Et surtout, le cinéma érotique trouve ses lettres de noblesses dans le regard du personnage qui en apprend les codes, l’histoire et les vrais artistes établis qui en sont issus. Le film fait ainsi explicitement référence aux artistes japonais habitués à ces grands écarts en plaçant un extrait d’Une famille dévoyée de Masayuki Suo (1984) détournement érotique d’Ozu par le futur réalisateur de la comédie romantique populaire Shall we dance (1996). De plus, une des grandes influences de Derek Yee et Law Chi-leung sera le japonais Juzo Itami, célèbre réalisateur de la comédie culinaire Tampopo (1985) et lui aussi habitué à marier touche auteuriste, surréalisme et envolées érotique dans ses œuvres. Le film tient ce même numéro d’équilibriste entre vraie forme chatoyante (la photo de Jingle Ma lorgnant sur le travail de Christopher Doyle chez Wong Kar Wai) et un hilarant sens du grotesque. 

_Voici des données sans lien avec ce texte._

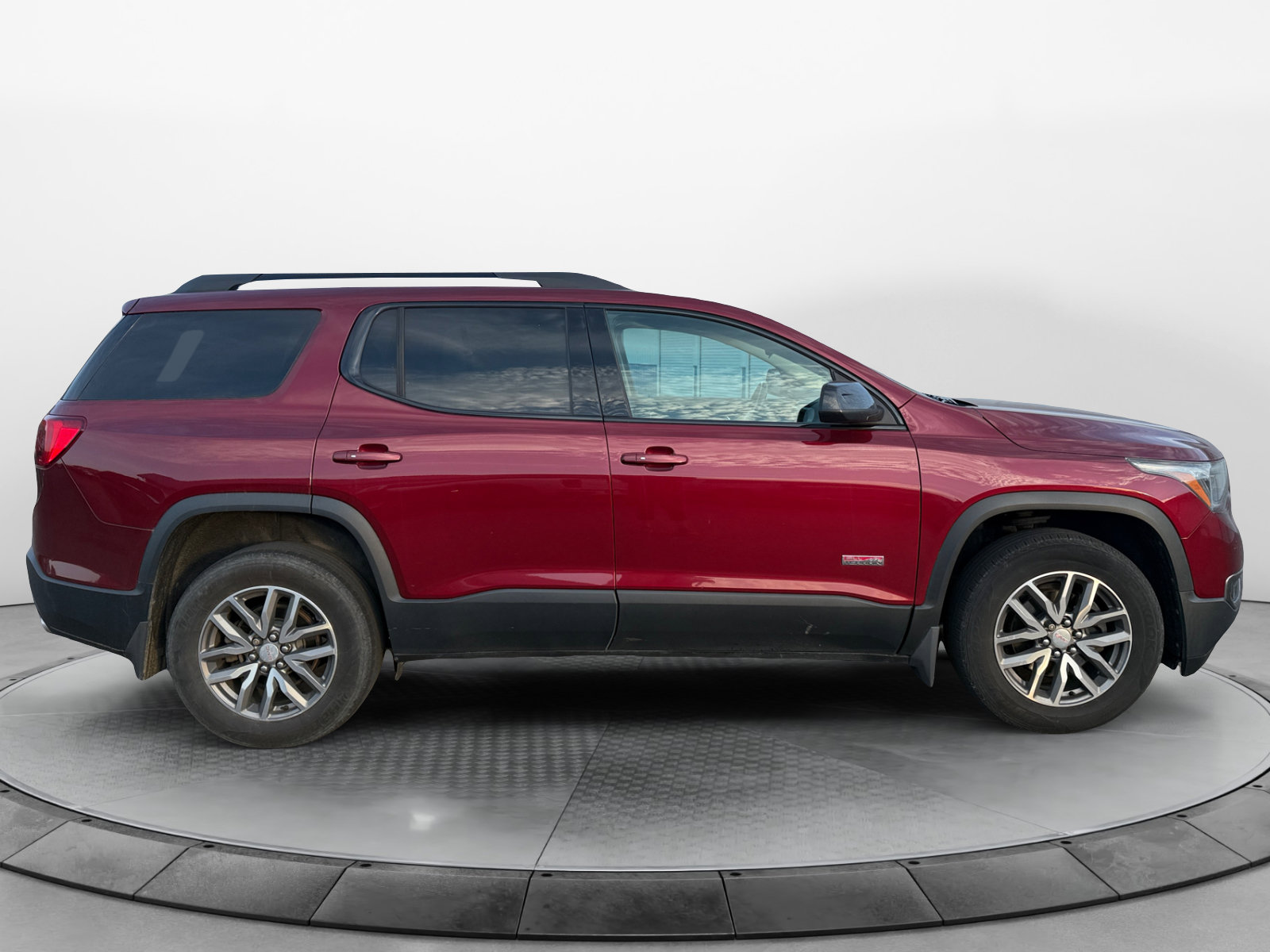 Used 2018 GMC Acadia SLE-2 with VIN 1GKKNTLS5JZ157016 for sale in Bloomer, WI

C’est donc drôle, attachant et captivant dans sa manière de capturer sans mépris la réalité d’une cinématographie et des aléas d’un tournage, tout en s’amusant des petits travers inhérents à cette promiscuité (Leslie Cheung fantasmant sur son actrice Shu Qi) et les à côté fâcheux avec les vie privée – comment se montrer vivace dans son couple quand toutes nos émotions sont dévouées à notre art ? On pourrait d’ailleurs poursuivre la mise en abyme sur l’actrice Shu Qi qui débarquant de sa Taïwan natale dans l’industrie hongkongaise, fut contrainte au départ de jouer de ses charmes dans des catégories 3 avant d’accéder à des rôles et productions plus ambitieuses. Viva Erotica est d’ailleurs sa dernière vraie prestation dénudée et, même si l’on ne pouvait pas encore deviner son avenir artistique plus radieux à ce stade, le film joue habilement du statut de son personnage se confondant avec sa vraie carrière. Viva Erotica est donc, à la manière de son protagoniste principal, une manière de découvrir toute la richesse et les nuance d’un genre décrié.